Lawson is the latest public figure to have her ancestry examined for television and the study of the family tree reveals a criminal past. She discovered that a member of her family, which founded the famous Lyons empire, came to England as a fugitive from justice. The revelation about Lawson, 49, comes in the latest instalment of the popular BBC1 show probing public figures' ancestry, Who Do You Think You Are?

Researchers for the programme discovered that her great-great grandfather on her mother's side, Coenraad Sammes, was a convicted thief in his native Amsterdam. He was caught stealing and dealing in lottery tickets and was sentenced to prison. He fled the Netherlands, before an appeal be heard, and took his family to London in 1830.

Lawson admitted she was surprised by the revelation but was nevertheless proud of her family. She said: "You can't really imagine a worse start than having to flee a country because you're going to be put in prison and yet it was the impetus that was needed.

"It doesn't really matter whether he was a persecuted innocent or a complete no-good nick, that's sort of irrelevant. What matters is that things turn on such small accidents of fate. When the moment of fate happens, suddenly a whole family moves in a different way. What my family history teaches me is that you make your own life. How you start off is not how you need to end up."

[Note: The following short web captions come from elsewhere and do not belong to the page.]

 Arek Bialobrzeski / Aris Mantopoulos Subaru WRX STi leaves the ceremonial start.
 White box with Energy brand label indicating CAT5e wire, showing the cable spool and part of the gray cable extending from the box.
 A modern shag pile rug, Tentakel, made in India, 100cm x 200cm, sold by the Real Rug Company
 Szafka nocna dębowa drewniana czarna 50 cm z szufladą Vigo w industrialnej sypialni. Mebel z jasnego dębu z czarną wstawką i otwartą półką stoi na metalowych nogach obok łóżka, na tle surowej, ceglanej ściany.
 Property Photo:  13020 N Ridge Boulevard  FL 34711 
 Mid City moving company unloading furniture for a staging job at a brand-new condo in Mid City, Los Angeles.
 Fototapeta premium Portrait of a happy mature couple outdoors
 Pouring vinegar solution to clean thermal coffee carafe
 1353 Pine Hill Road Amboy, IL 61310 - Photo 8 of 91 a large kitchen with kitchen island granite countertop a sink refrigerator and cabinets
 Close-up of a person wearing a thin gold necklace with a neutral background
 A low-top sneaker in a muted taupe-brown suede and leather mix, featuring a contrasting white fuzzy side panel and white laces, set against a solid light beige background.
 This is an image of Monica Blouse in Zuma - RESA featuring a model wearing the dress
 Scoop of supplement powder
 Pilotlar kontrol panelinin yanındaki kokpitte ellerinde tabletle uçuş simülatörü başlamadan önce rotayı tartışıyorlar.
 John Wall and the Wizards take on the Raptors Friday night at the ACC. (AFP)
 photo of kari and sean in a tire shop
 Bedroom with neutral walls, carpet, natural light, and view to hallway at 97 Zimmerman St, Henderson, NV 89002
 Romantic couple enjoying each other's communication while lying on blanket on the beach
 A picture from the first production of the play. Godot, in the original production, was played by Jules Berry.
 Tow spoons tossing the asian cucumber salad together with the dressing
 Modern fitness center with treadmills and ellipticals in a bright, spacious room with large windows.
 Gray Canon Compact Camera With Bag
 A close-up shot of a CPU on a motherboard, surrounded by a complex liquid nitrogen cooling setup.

Sammes changed his name to an anglicised version, Coleman Joseph, and to avoid capture he persuaded his young daughter Hannah to take the name Ann. It was Ann who met and married Barnett Salmon, the founder of the J Lyons company. The business, which started selling tobacco in the East End of London, expanded to include tea-shops, restaurants, hotels and supermarkets from 1898 until the late 1970s.

"The tobacco company grew and it was this success that funded the catering business, which took off pre-First World War" said a BBC spokeswoman.

Lawson also discovered that her maternal grandfather, Felix, bore a similarity to her husband Charles Saatchi. Felix opted out of running the family business in order to become an art buyer and was also, like Saatchi, notoriously shy of the limelight.

Lawson's family have lived in West London for generations but because her family are Jewish she knew her roots must lie abroad. She had thought that her family had "exotic" Iberian-Sephardic roots. But archivists said she descended from the lower-class, cattle-dealing Jews from Germany and eastern Europe. "I think it's difficult not to be interested in my past," said Lawson. "I think it's something to do with age. I think probably that I wouldn't have been interested 20 years ago. Maybe when you have children you see somehow there's a structure and you're part of that structure."

Related revelations

Jeremy Paxman

The Newsnight presenter broke down in tears on camera when he was confronted with the impoverished background of his great-great grandmother. Paxman visited the tenement block where Mary McKay lived with her nine children. The presenter's paternal grandfather was orphaned when his parents died of tuberculosis.

Ian Hislop

The Private Eye editor discovered that his paternal grandfather fought in the First World War. David Murdoch Hislop was sent to the front line in 1918. Inspired, Hislop went on to present his own TV series, Not Forgotten, about the the 1914-18 conflict.

Colin Jackson

The former world champion hurdler found out that his great-great-great grandfather was a slave. Although born in Cardiff, Jackson, now a TV sports pundit, knew that he was a descendant of Jamaican immigrants. A genealogist in the country told him he was the great-great-great grandson of Adam Wilson Senior, who was the property of the Greenmount plantation and slave-owner Valentine Dwyer in the 19th century.

Barbara Windsor

The actress discovered she was a distant relation of the artist John Constable. The mother of her great-great-grandfather, Golding Deeks was related to the artist. She defied the wishes of her mother by investigating the history of her parents, Rose and John Deeks. Her maternal grandmother had been on stage in the East End of London, and her great-grandmother had held the licence at a local pub.